◆ **Problem statement**:
Retype the lines below exactly, but only those from the line that has "陆九畹帝江免费阅读无弹窗大结局-陆九畹帝江最新全章节全文阅读免费阅读-笔趣阁" through the line that has "渤海湾优质海虾十来个头的大虾". Omit every picture.

◆ **Exercise material**:
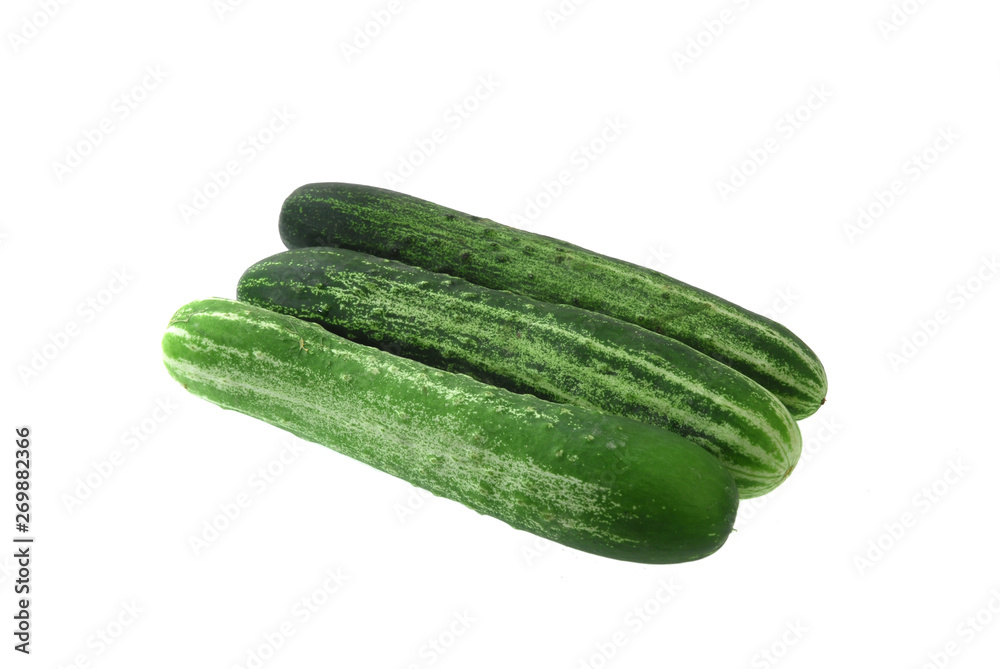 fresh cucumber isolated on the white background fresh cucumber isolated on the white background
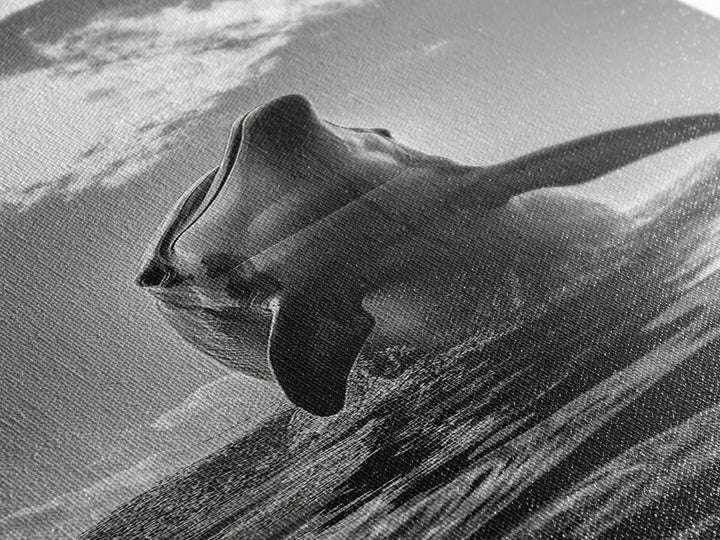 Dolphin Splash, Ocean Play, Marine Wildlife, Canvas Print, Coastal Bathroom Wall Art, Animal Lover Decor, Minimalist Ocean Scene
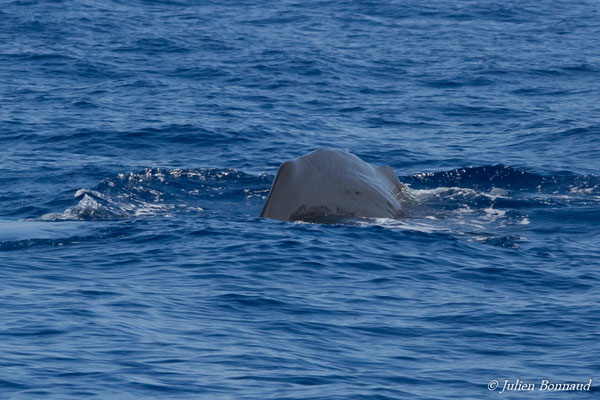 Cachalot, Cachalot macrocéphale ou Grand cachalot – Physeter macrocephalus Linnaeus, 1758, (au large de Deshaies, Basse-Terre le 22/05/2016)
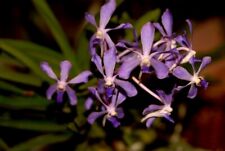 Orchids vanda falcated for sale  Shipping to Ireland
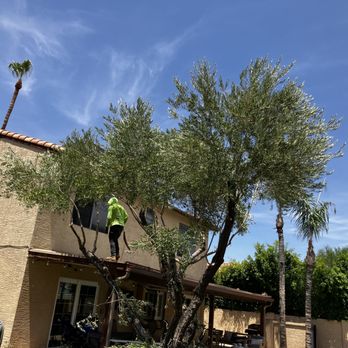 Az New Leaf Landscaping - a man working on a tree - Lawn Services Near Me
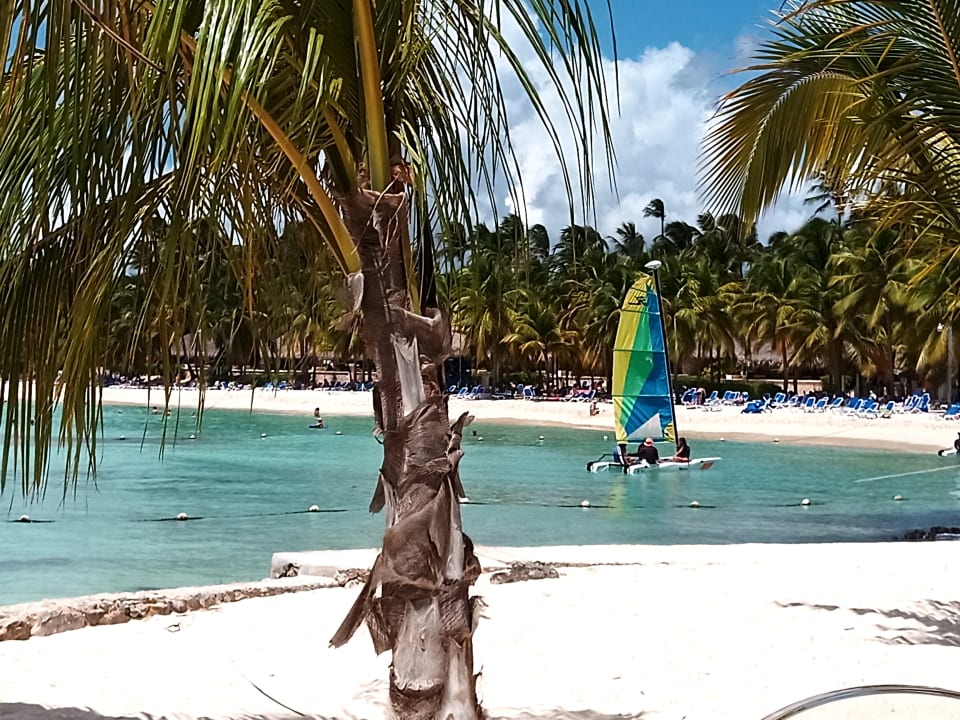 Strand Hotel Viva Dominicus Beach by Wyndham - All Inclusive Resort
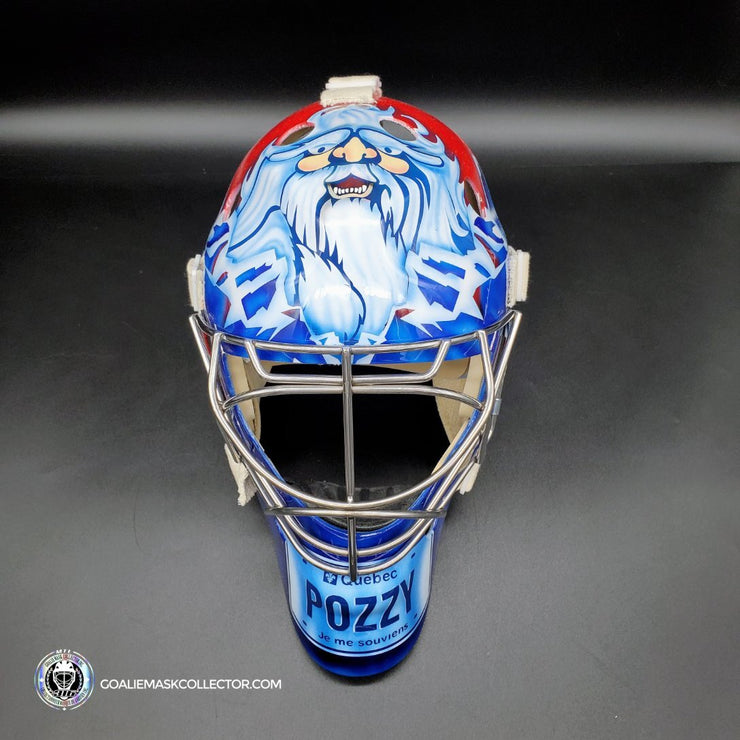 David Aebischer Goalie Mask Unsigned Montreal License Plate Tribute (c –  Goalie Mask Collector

==

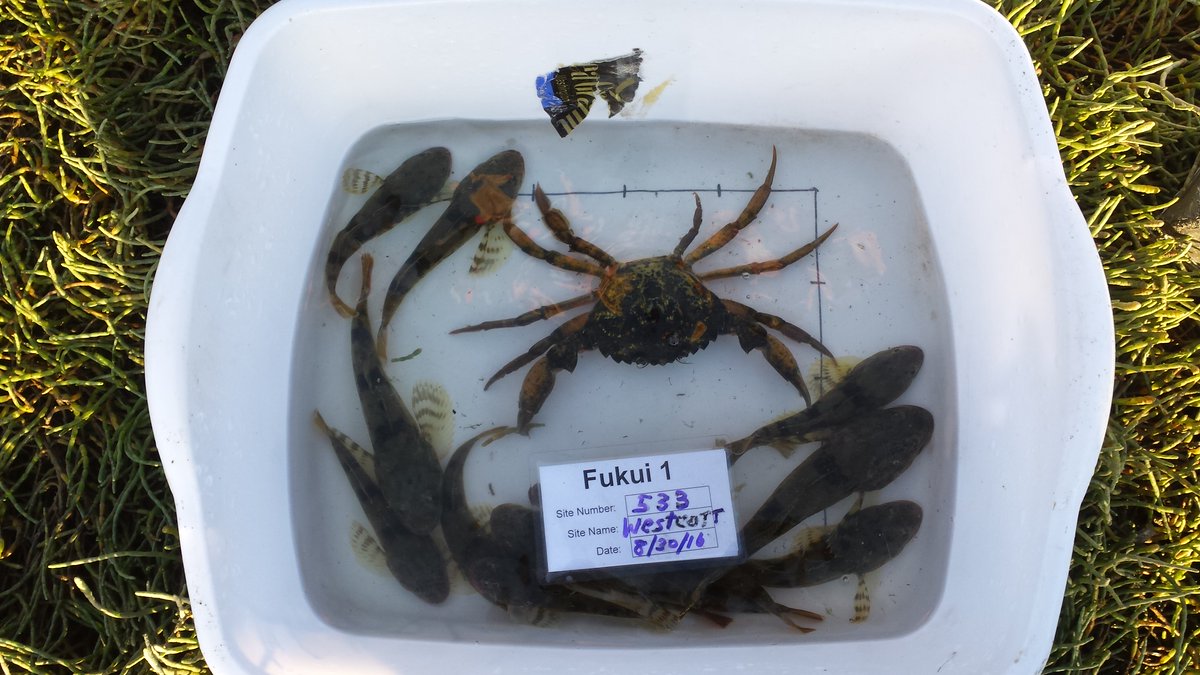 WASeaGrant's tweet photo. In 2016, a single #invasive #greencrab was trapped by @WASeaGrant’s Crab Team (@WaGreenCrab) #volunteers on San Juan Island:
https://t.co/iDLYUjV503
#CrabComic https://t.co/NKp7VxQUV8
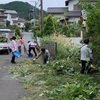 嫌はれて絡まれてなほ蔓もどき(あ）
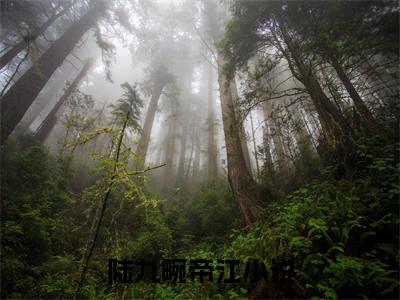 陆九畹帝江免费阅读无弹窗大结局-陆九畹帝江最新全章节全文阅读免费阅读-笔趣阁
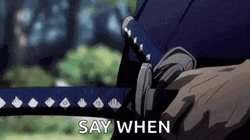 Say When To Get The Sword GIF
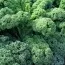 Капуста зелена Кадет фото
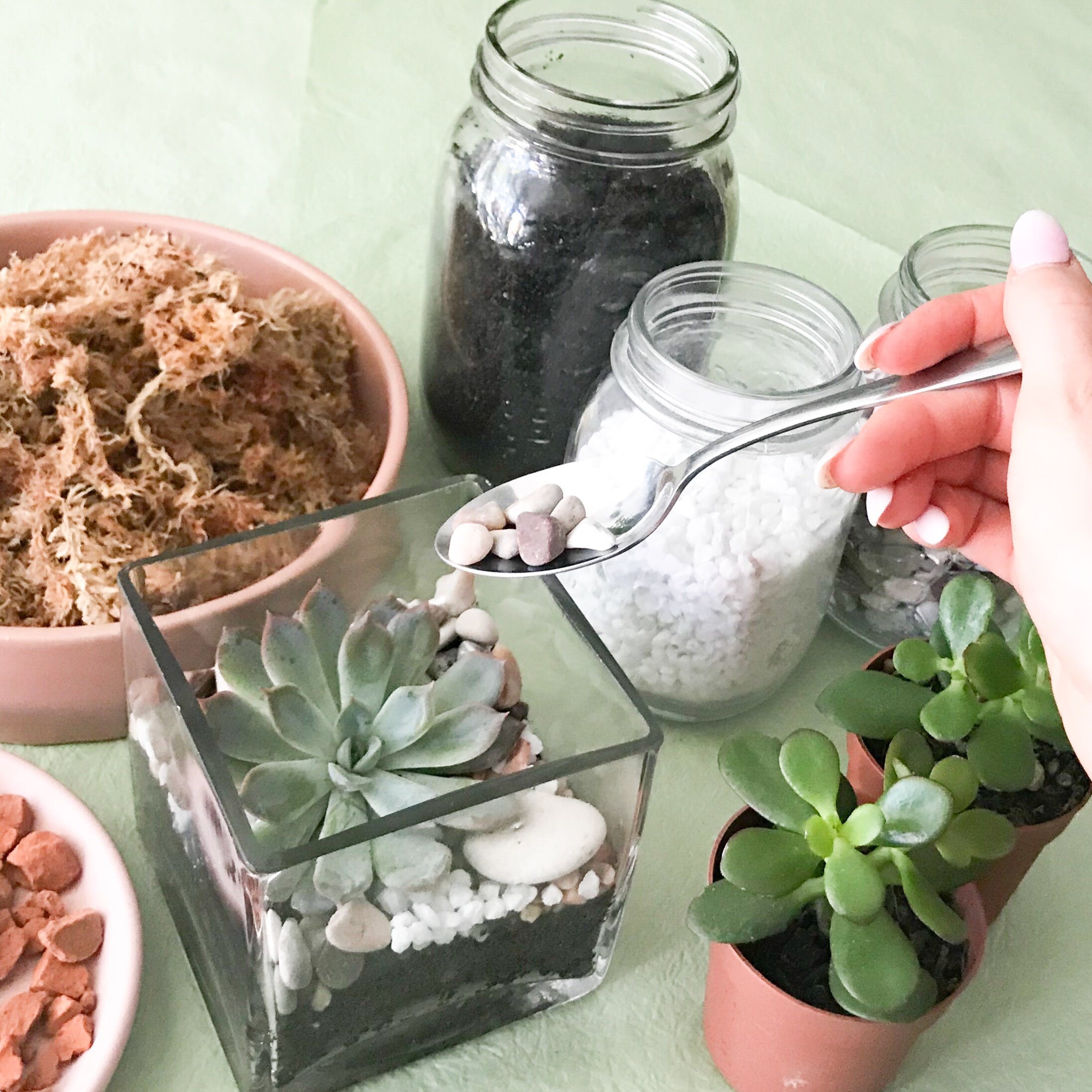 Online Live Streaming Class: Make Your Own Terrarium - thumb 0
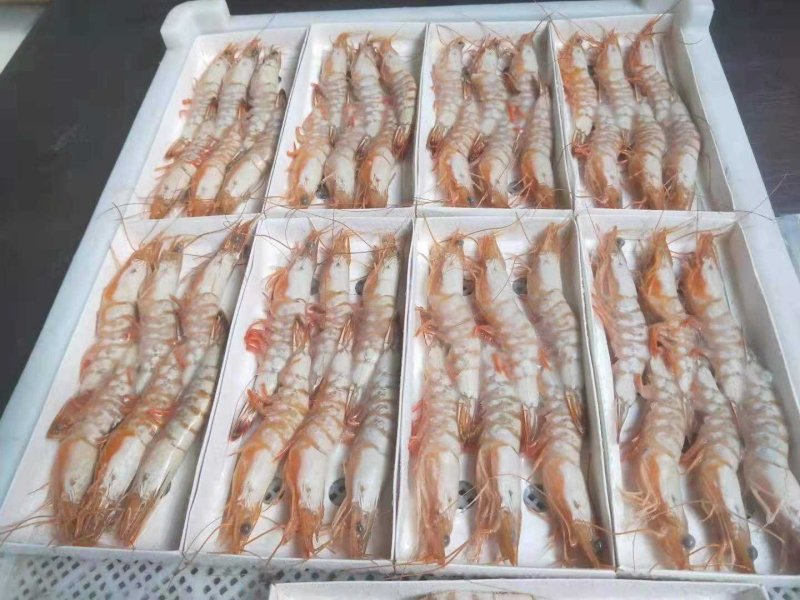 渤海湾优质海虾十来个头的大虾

◆ **Answer box**:
 陆九畹帝江免费阅读无弹窗大结局-陆九畹帝江最新全章节全文阅读免费阅读-笔趣阁
 Say When To Get The Sword GIF
 Капуста зелена Кадет фото
 Online Live Streaming Class: Make Your Own Terrarium - thumb 0
 渤海湾优质海虾十来个头的大虾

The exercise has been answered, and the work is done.